'Sound of My Voice' a tense low-budget thriller
Updated: 2011-01-27 16:37
PARK CITY, Utah – The cinema world may one day give much thanks to the anthropology department of Georgetown University.
While studying there, Zai Batmanglij met Brit Marling and Mike Cahill and together they began making short films. Cahill and Marling are responsible for the first major discovery of Sundance 2011, the astonishing sci-fi piece "Another Earth." Now Batmanglij and Marling deliver another terrific and engrossing venture into speculative fiction, "Sound of My Voice."
Marling stars in both films as well as being their co-writer and co-producer. Each displays an inventive story line with believable characters caught up in extraordinary events where tension builds with each successive scene. And each ends abruptly with an ambiguous ending that delivers one of those ah-ha moments.
Batmanglij, an AFI grad making his first feature, has developed a story with Marling that requires production ingenuity rather than big bucks or a large cast. It deals with a subject that's hardly new to film, that of cults and their mysterious leaders, but does so with a fresh viewpoint and intriguing possibilities.
A Los Angeles couple, Peter (Christopher Denham) and Lorna (Nicole Vicius), infiltrates a San Fernando Valley-based cult with the idea of making a documentary expose of its charlatan leader. But the leader winds up scrambling all their expectations.
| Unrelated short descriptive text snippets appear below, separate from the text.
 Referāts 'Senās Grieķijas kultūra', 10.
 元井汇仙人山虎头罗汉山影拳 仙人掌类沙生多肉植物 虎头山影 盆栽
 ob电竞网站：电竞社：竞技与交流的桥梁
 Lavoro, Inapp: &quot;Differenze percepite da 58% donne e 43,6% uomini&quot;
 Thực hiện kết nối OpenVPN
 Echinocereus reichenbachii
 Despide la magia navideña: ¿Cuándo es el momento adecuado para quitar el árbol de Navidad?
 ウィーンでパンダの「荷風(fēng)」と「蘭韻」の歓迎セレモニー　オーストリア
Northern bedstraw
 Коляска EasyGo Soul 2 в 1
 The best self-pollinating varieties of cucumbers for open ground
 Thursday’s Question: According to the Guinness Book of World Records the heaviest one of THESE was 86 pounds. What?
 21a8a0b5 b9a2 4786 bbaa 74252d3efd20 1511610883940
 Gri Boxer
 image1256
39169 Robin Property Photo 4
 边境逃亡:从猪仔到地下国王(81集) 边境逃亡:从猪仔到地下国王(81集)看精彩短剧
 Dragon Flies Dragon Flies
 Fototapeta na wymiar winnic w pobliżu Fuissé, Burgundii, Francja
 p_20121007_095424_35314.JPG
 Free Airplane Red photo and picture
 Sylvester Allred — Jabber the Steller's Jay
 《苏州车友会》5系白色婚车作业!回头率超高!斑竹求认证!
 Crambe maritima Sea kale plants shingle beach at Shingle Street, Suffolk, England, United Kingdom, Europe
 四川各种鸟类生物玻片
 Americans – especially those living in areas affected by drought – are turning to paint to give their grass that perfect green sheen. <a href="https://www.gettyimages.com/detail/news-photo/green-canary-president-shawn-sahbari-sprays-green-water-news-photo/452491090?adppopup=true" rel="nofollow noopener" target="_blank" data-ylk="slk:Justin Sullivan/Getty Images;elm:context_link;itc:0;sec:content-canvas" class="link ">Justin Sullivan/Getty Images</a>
Some time before, one follower found a young woman, Maggie (Marling), wandering downtown in a dazed and physically compromised state. Rescued and nurtured back to health, Maggie now claims to have come from the future, from 2054, in fact. She gathers around her disciples who can benefit from her foreknowledge of a coming civil war.
Since she is allergic to most things in the present day, she doesn't venture from a basement chamber and needs frequent blood transfusions and organic food grown obsessively by her followers.
As the newcomers get initiated into the small group, Maggie achieves an emotional breakthrough with Peter involving his troubled past. While this shakes him up, he maintains his cynicism but Lorna has her doubts -- about his cynicism. She suspects he is hooked on the leader in more ways than one.
There are ominous signs everywhere about Maggie's intentions. She insists her followers learn to subsist on foraged food. Another true believer (a cajoling Kandice Stroh) takes Lorna deep into a wooded area for target practice. Then Maggie demands that Peter bring a specific little girl to her.
The film is deliberately sketchy and impressionistic. You get snatches of backstory about the two infiltrators and Maggie relates her own story, to be believed or not. The actual intent of the cult and Maggie's plans remain hidden. What is clear is that the filmmakers are not going accept the couple's cynicism. Instead they raise the possibility that Maggie just may be telling the truth.
After all, audiences believed in all the time travel in three Terminator movies. So why not in a low-budget indie even if it contains not one scrap of sci-fi razzle-dazzle? Everything in this film is totally realistic. So the filmmakers slyly leave it up to their audience to determine what the film is actually about -- a time traveler or a dangerous impostor?
This is speculative fiction that goes a step or two beyond "The Twilight Zone." It's not reality stood on its head by surreal events but rather a reality where not all is seen or revealed, where other realities may exist.
A music score promotes a worrying mood but does so at higher decibels than necessary. Other tech credits are very good for what is clearly a super low budget.